8 L'Indostan è la regione posta a oriente dell'Indo e a occidente del Gange, delimitata a nord dalla catena della Himalaia e a sud dall'altopiano del Deccan. Dal persiano "hindustan" che significa "il paese (stan) del fiume Indo (Hindu)".
9 La descrizione delle caverne e dei templi di Ellorta è ripresa quasi interamente dal Ferrario. Nel Ferrario originale non vi sono riferimenti ai monarchi mongoli, che sono una aggiunta di Salgari, e le torri piramidali che sormontano gli ingressi sono indicate come cobrom e non cobrows. Quest'ultima è una parola inglese formata da cob: mattone crudo e row: fila. La parola sanscrita per indicare le grandi torri che sovrastano gli ingressi dei templi è gopuram.
10 Le informazioni su questa divinità sono tratte integralmente dalla descrizione che il Ferrario fa dei templi di Ellora. Darmadevé o Dharmadevè è uno dei nomi con cui viene indicato Nandi (o Nandin), il toro che, grazie alla severa ascesi praticata, riuscì ad ottenere il privilegio di divenire il veicolo di Shiva. Il toro è la personificazione della giustizia, della virtù e della legge morale, cioè l'insieme di leggi morali e sociali, detto in sanscrito dharma, che devono guidare l'azione umana.
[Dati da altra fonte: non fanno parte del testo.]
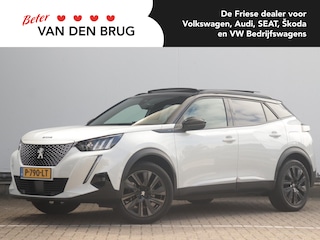 Peugeot 2008 EV GT Pack 50 kWh | 3-Fase (11kW) | Panorama dak | Cruise control | Parkeersensoren |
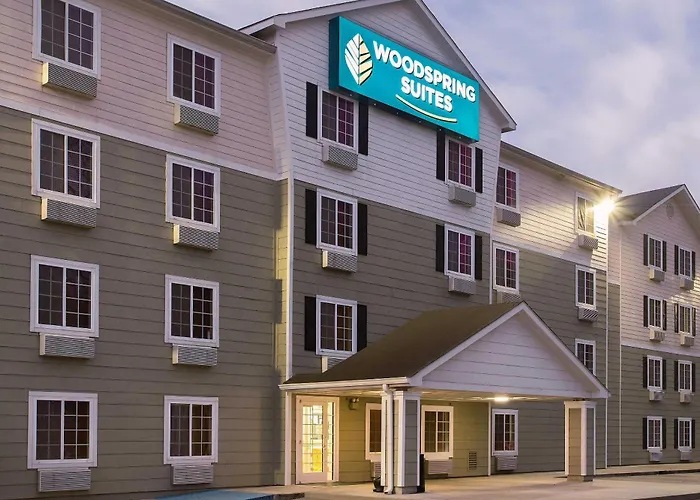 Woodspring Suites Airline Highway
11 Dal sanscrito Dharma Ràjà. E' uno degli epiteti di Yama, dio induista della morte. Nelle immagini è rappresentato a cavallo del bufalo, suo veicolo, ed ha in mano la mazza con cui stronca la vita dei mortali ed il laccio con cui "lega" le vittime. Dharma Ràjà significa letteralmente "signore della giustizia" e sta ad indicare che, come giudice dei morti, punisce i colpevoli e premia i meritevoli. Anche le informazioni su Dharma Ràjà furono tratte dalla citata opera del Ferrario.
12 Arma da fuoco portatile che ebbe grande diffusione a partire dalla seconda metà dell'ottocento quando si trovò il modo di costruirle a retrocarica. Erano armati di carabina i corpi speciali. Rispetto al normale fucile della fanteria la carabina della cavalleria era più corta mentre le carabine dei corpi speciali erano armi dal tiro più rapido e preciso.